Crossings require extensive design, engineering and construction, and they need miles of fencing to funnel animals to safe passage. Some overpasses cost as much as $2 million. The new U.S. Highway 95 underpass near Silverwood Theme Park cost about $1 million. Two underpasses near the Canadian border cost $500,000 each.
States simply don’t have the money to place structures everywhere they’re needed, and as recent legislative sessions in Olympia and Boise have demonstrated, transportation funding isn’t getting any easier to come by.
Some species of wildlife learn to use the crossings right away. Others, such as bears, can take years to adjust. The Doppler experiment turns the equation around, by training drivers to look for the flashing lights, tap the brakes and remain vigilant. It shows particular promise around dusk and into the evening, when visibility is poor, and in tricky highway sections where animals seemingly bolt out of nowhere.

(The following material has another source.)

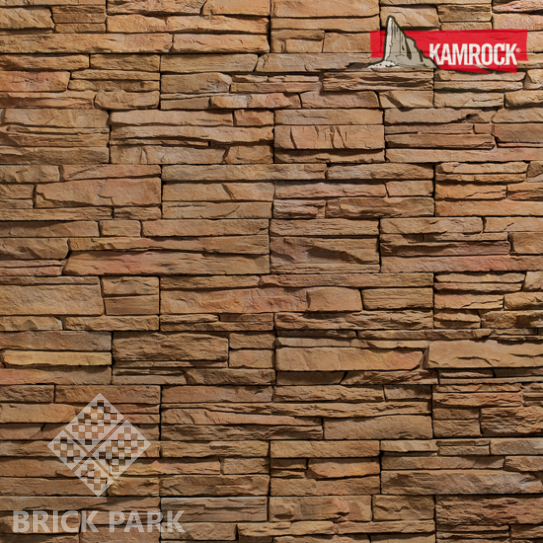 Искусственный камень Камрок Скалистая гора 52090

The technology can filter out vehicles, and it won’t activate for animals smaller than coyotes. Thus far, there have been few false alarms. The system is mobile, so it can follow seasonal migrations of animals, rather than be fixed in one place.
The cost is generally tens of thousands of dollars – about one wrecked vehicle – rather than millions.
The system was recently tested for more than three months south of Bonners Ferry, and no collisions occurred. This is an area that experienced more than 320 collisions – mostly with deer and moose – between 2000 and 2010. Two people were killed.
Animal collisions represent significant danger and costs. In 2011, between Coeur d’Alene and the Canadian border, about 900 animals were struck. Nearly 5,000 were struck statewide. Washington has about twice as many collisions because it has many more vehicles.
In the Inland Northwest, wrecks usually involve white-tailed deer, a species that poses dangers on highways north of Spokane, according to the Washington Department of Transportation website.
Washington officials should keep an eye on the Doppler radar experiment because it could allow for safer passage on this side of the border, too.